Content validity was established through a structured expert review process. A panel of five experts was invited, including two specialists in public health, two in physical education, and one in child epidemiology. Experts were selected based on their academic qualifications (all held doctoral degrees) and extensive experience in child health and physical fitness research. Each expert independently assessed the relevance, clarity, and comprehensiveness of each item using a 5-point Likert scale (1 = not relevant, 5 = highly relevant). Based on their evaluations, the Item-level Content Validity Index (I-CVI) was calculated, and only items with I-CVI ≥ 0.80 were retained. The Scale-level CVI (S-CVI) was also computed, demonstrating acceptable overall content validity. Discrepancies were resolved through consensus discussions, and minor modifications were made to improve item clarity and cultural appropriateness for the target population.
In accordance with the STROBE guidelines, data completeness was rigorously examined before statistical analysis39. Questionnaires with more than 10% missing responses were excluded from the final dataset.

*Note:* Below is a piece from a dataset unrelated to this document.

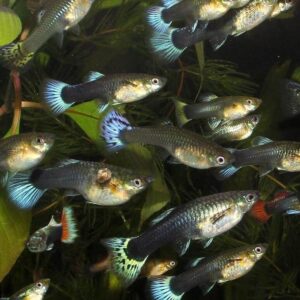 Assorted Female Guppies ( Poecilia reticulata )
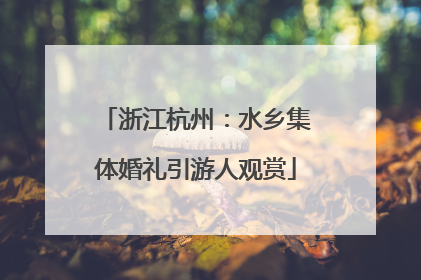 浙江杭州：水乡集体婚礼引游人观赏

For entries with minor missing values, multiple imputation using the Markov Chain Monte Carlo (MCMC) method was applied to minimize potential bias and maximize data utility. To further ensure that missingness did not introduce systematic bias, we conducted an independent samples t-test (for age) and a chi-square test (for gender) comparing respondents with missing data to those with complete data. No statistically significant differences were observed (p > 0.05), suggesting that the missing data were missing at random and that the sample remained representative.

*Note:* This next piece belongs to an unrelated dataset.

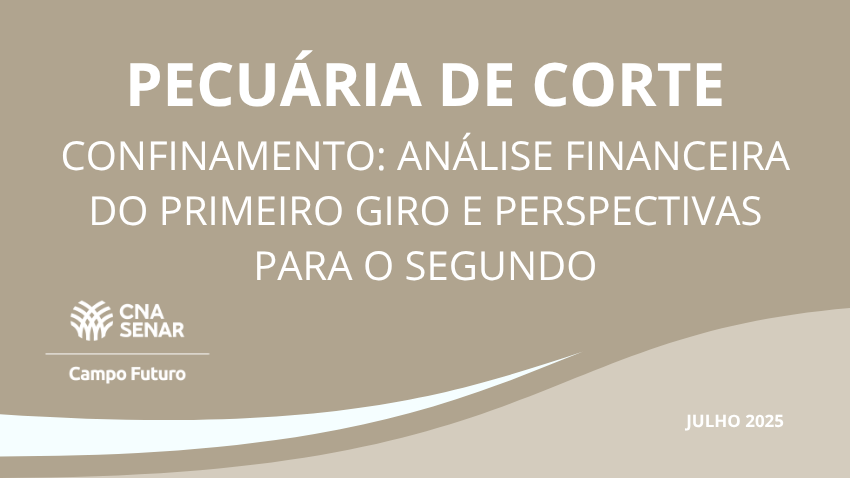 Confinamento: análise financeira do primeiro giro e perspectivas para o segundo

This study was approved by the Ethics Committee of Shandong Institute of Petroleum and Chemical Technology (Approval No.: KY-2024-021). All research procedures were conducted in strict accordance with relevant guidelines, regulations, and ethical standards. Prior to the implementation of the study, written informed consent was obtained from the legal guardians of all participants, who also signed the informed consent forms.
Statistical analysis
A database was established using Epi Data 3.1 software, and data entry was verified through dual independent entry. Statistical analyses were performed using SPSS version 27.0. Continuous variables are presented as mean ± standard deviation (\(\overline{X}\)± S), while categorical variables are described using frequency (percentage) [n (%)] for descriptive statistics. Prior to analysis, data were cleaned to identify and exclude incomplete or implausible entries. Cases with missing key variables were excluded via listwise deletion, as the proportion of missing data was less than 5%. Categorical variables were coded based on standardized criteria. For instance, physical fitness was categorized as “qualified” (≥ 60 points) and “unqualified” (< 60 points), following national evaluation standards. The prevalence of physical fitness was calculated as the proportion of students whose total score met or exceeded the 60-point threshold.
The factors influencing physical fitness and associated analyses were conducted using chi-square (χ2) tests and multivariable unconditional logistic regression analysis, with a significance level set at α = 0.05. For univariate analyses, logistic regression was used, with results expressed as odds ratios (OR) accompanied by 95% confidence intervals (CI) to provide an accurate estimate of effect sizes. To assess the goodness-of-fit and calibration of the final logistic regression model, the Hosmer–Lemeshow test was employed, ensuring the robustness of the analytical framework43.